Senior Site Reliability Engineer

Unanet | 15 d ago
Published date Posted on StackOverFlow on Jul 15, 2021

As a member of our Cloud Support group, you will help define our transformation towards an enterprise SaaS solution, hosting numerous top-tier customers. With a quickly growing customer base, we need creative and dynamic engineers to help architect innovative solutions that ensure the best possible experience for our customers.

You will join a team of talented, fast-moving engineers and administrators involved in nearly every aspect of the SaaS delivery and customer experience lifecycle.

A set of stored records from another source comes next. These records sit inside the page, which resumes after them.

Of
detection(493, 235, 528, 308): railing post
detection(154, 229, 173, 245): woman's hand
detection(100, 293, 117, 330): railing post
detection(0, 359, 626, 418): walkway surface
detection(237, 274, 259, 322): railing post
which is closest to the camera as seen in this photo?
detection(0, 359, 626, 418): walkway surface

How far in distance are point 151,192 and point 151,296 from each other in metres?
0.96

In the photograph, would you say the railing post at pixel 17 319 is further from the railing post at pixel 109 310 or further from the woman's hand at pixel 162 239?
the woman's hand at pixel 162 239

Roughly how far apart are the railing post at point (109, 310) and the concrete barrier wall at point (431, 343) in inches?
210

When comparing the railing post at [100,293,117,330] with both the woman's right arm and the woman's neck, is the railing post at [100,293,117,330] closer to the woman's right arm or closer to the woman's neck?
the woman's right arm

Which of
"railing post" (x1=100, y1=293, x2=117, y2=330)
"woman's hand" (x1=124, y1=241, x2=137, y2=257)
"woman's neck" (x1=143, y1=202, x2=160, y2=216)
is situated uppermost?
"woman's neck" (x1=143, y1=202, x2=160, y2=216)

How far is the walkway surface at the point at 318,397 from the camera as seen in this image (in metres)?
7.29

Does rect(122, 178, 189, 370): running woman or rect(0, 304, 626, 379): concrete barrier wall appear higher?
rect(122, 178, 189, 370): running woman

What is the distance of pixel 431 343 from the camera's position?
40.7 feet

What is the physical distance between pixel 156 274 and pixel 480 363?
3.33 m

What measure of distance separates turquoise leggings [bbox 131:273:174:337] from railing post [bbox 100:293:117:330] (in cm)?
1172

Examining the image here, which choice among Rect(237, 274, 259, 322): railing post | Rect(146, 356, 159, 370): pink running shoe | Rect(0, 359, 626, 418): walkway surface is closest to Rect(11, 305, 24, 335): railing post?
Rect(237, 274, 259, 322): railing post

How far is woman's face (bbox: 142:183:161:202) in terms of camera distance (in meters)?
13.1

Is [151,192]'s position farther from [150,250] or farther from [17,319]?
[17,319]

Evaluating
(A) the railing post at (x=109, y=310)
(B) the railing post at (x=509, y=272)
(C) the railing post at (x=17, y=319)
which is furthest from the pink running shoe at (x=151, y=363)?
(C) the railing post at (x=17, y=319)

We are looking for an engineer with a strong software development background, one who has experience building services to ensure our Cloud Support is lean, proactive, and efficient.

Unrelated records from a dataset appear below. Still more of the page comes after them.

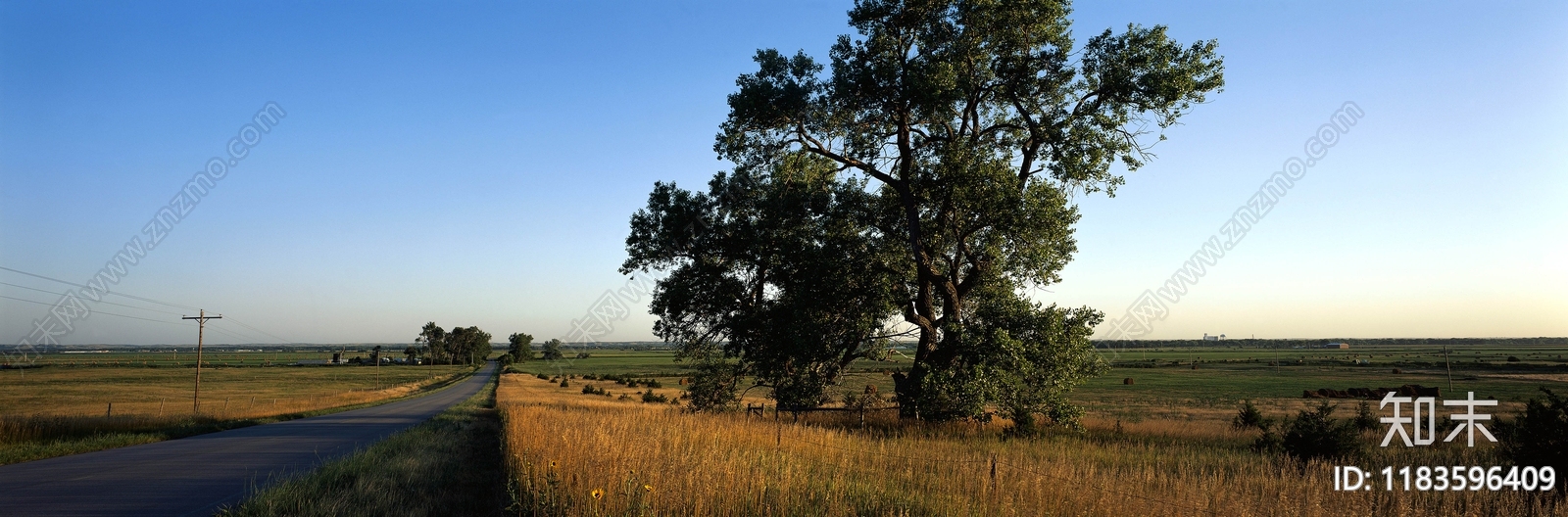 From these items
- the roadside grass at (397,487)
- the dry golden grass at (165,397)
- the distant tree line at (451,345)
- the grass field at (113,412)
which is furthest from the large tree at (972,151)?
the distant tree line at (451,345)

Your success will hinge on your ability to apply a software engineer mentality to the functions of operations as well as a firm grasp of automation, cloud architectures, event monitoring, health checks, and metrics gathering. You should be passionate about solving problems and developing creative solutions leveraging automation.

What You’ll Do

  • Provision, configure, and maintain the production environment to handle running several application stacks in the cloud that can scale to the thousands of customers using our products as well as our internal Product team.

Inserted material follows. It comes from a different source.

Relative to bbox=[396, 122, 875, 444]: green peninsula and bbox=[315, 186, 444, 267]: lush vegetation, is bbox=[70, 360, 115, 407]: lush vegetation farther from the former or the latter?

  • Automate the deployment and maintenance of cloud platform technologies in the upper environments ensuring changes are also reflected in the lower environments

  • Aid in improving overall product through development of management automation and metrics analysis in the upper environment

    • Integrate current scripts, automations, and functions spread across multiple tools into a coherent Cloud Control system

    • Collaborate with Cloud Development on database deployment capability to release pipeline (automate schema changes across all databases)

    • Evaluate metrics as customers are moved to new production environment

    • Create a metrics-based performance dashboard for production that includes predictive warnings which can be addressed prior to an incident occurring

    • Prepare for multi-tenant product solutions in coordination with cloud development

  • Implement and oversee log management, data warehouse, and database operations, including management of Logging/Audit services

  • Ensure all monitoring systems (infrastructure- and application-level) are in place, report on availability and system health

  • Collect and distill existing management and monitoring tools, scripts, and functions into a single coherent package for easy consumption with the ability to drill down to details

  • Implement strategies around disaster recovery and security for all sub-systems in infrastructure (e.g.,web servers, database, queues, storage, network)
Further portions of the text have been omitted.